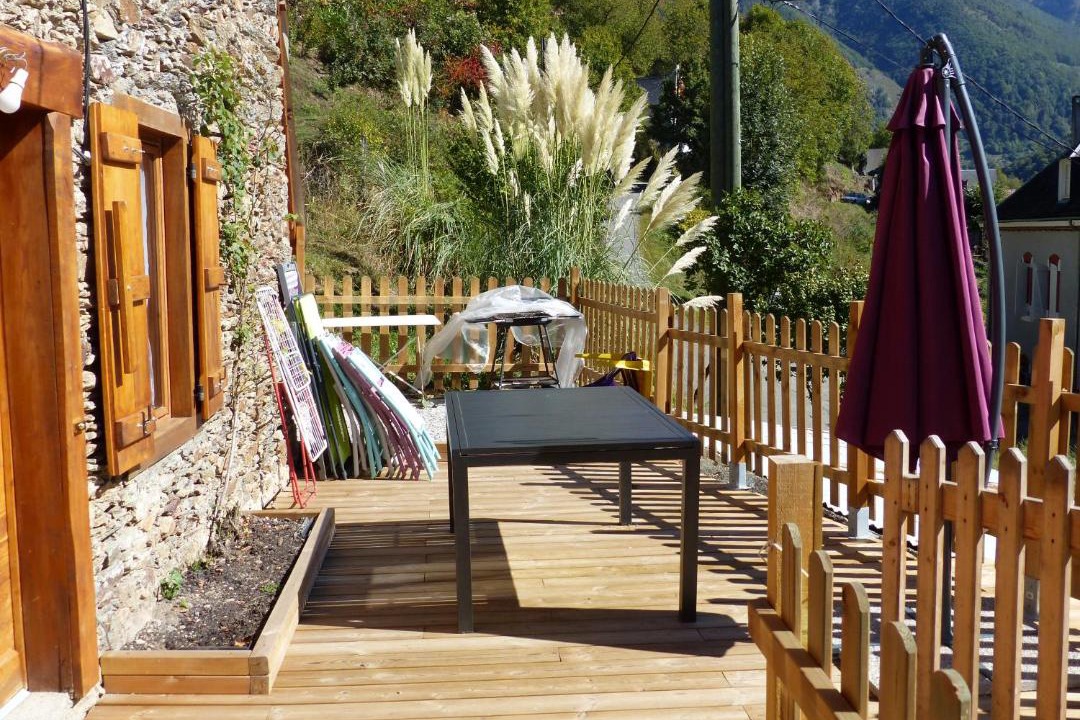 Photo of Others in Melles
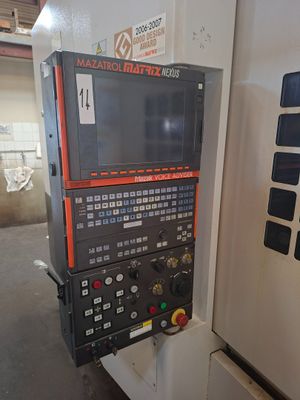 une photo d'une machine dans une usine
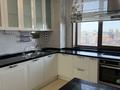 4-бөлмелі пәтер · 150 м² · 17/25 қабат, Кошкарбаева 8 — Американское посольство, бағасы: 1 млн ₸ в Астане, Сарайшык р-н — фото 9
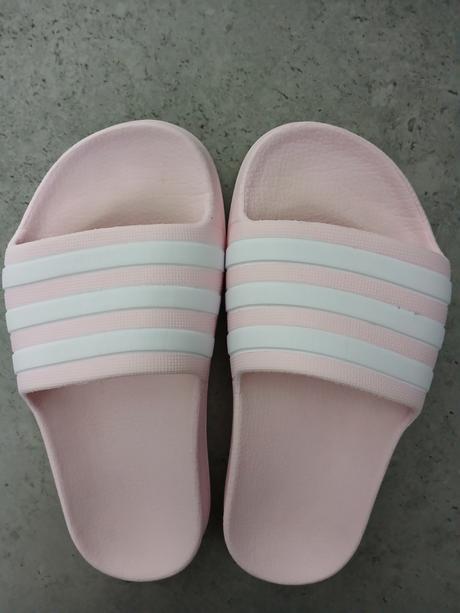 Bledoružove adidas šľapky super stav, adidas,29
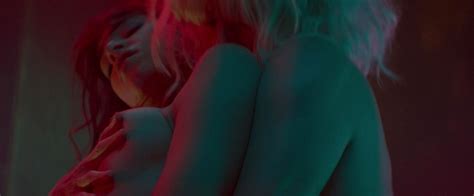 Full Sex Scene Charlize Theron Sofia Boutella Atomic Blonde 2017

§ **Task description**: In the listing above, transcribe exactly the lines from the line containing "une photo d'une machine dans une usine" through the last one, both included, but not the pictures.

§ **Written response**:
 une photo d'une machine dans une usine
 4-бөлмелі пәтер · 150 м² · 17/25 қабат, Кошкарбаева 8 — Американское посольство, бағасы: 1 млн ₸ в Астане, Сарайшык р-н — фото 9
 Bledoružove adidas šľapky super stav, adidas,29
 Full Sex Scene Charlize Theron Sofia Boutella Atomic Blonde 2017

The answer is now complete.